The Ballard Skillet Diner is moving right along. Broad estimates peg the grand opening to early August. But today, information on the guy who will be doing most of the cooking. Because that's kind of important.
Former stadium executive chef Jon Severson got the job after collaborating with Skillet on a couple of events last fall at CenturyLink, where he was the executive chef from 2006 right up until about two months ago. In a past life, he worked in Chicago for a James Beard Award winning chef at a restaurant called Spiaggia.
Here now, five questions for the diner chef de cuisine du jour.
What makes you a good candidate for working at Skillet?
I come from the midwest. I was born and raised in St. Louis. I love comfort-style food — it's what I grew up on. I also think it's tied into my years working at the stadium, really trying to pull in local vendors and utilize local foods. That's what I was doing at the stadium and it just goes right along with what I want to do here and I think the vision that [Skillet founder] Josh [Henderson] has for Skillet. I'm just really looking forward to the opportunity.

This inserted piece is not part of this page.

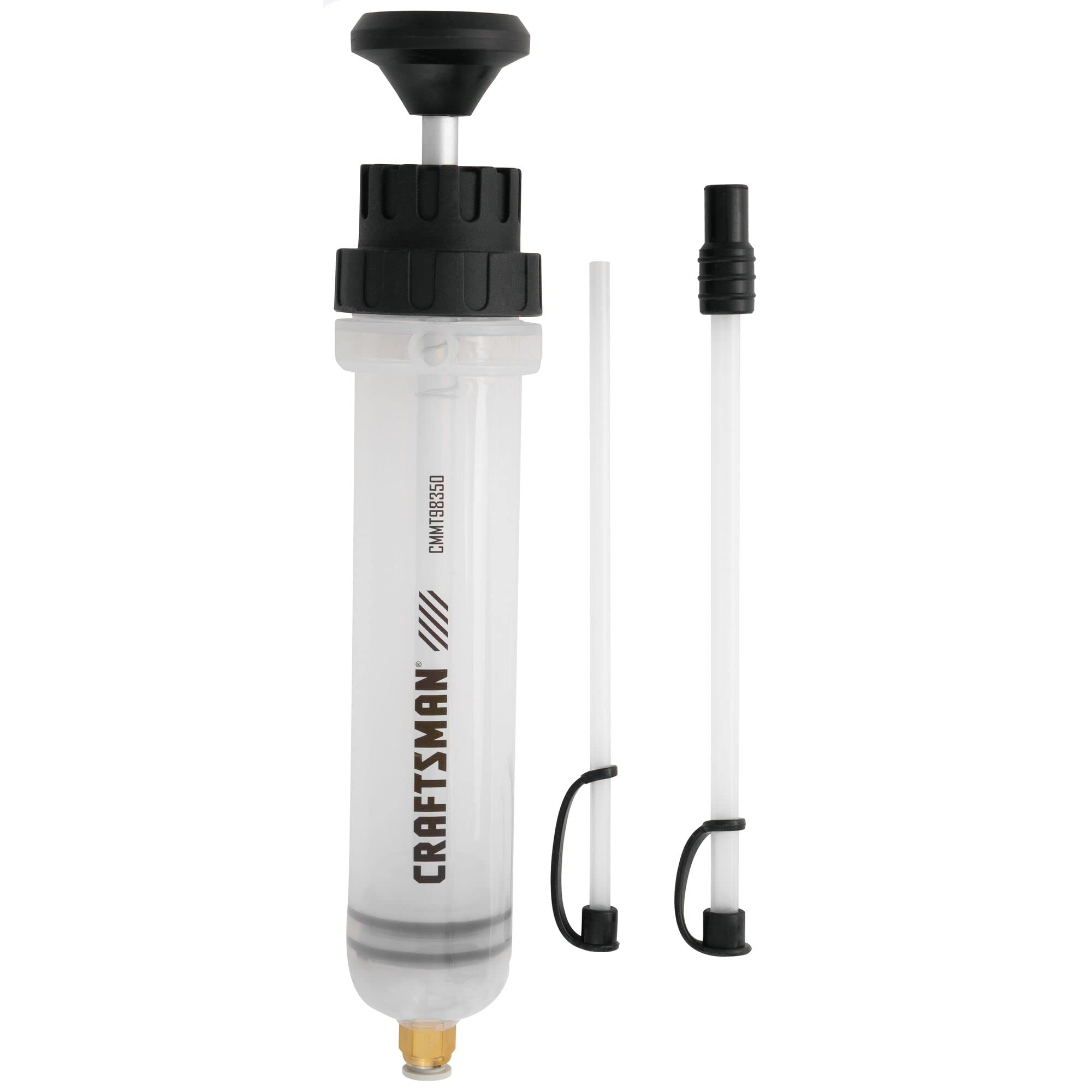Photo 1 of CRAFTSMAN Fluid Extractor (CMMT98350)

How is the food here going to be both similar and different from the original location?
The breakfast menu is going to be very similar to what's over at Cap Hill. The burger is going to be the same. Some of the sandwiches are going to have some slight variations; that's an area of the menu where we're really going to probably see a few differences. Breakfast and lunch isn't going to change much initially. Obviously, we'll slide some new items in here and there, one being an ebelskiver — it's a round Danish pancake. It's something we're going to make in-house. We might even do some Bacon Jam ebelskivers. So, that's going to be one of the fun items on the breakfast menu. And it's going to be special just for Ballard.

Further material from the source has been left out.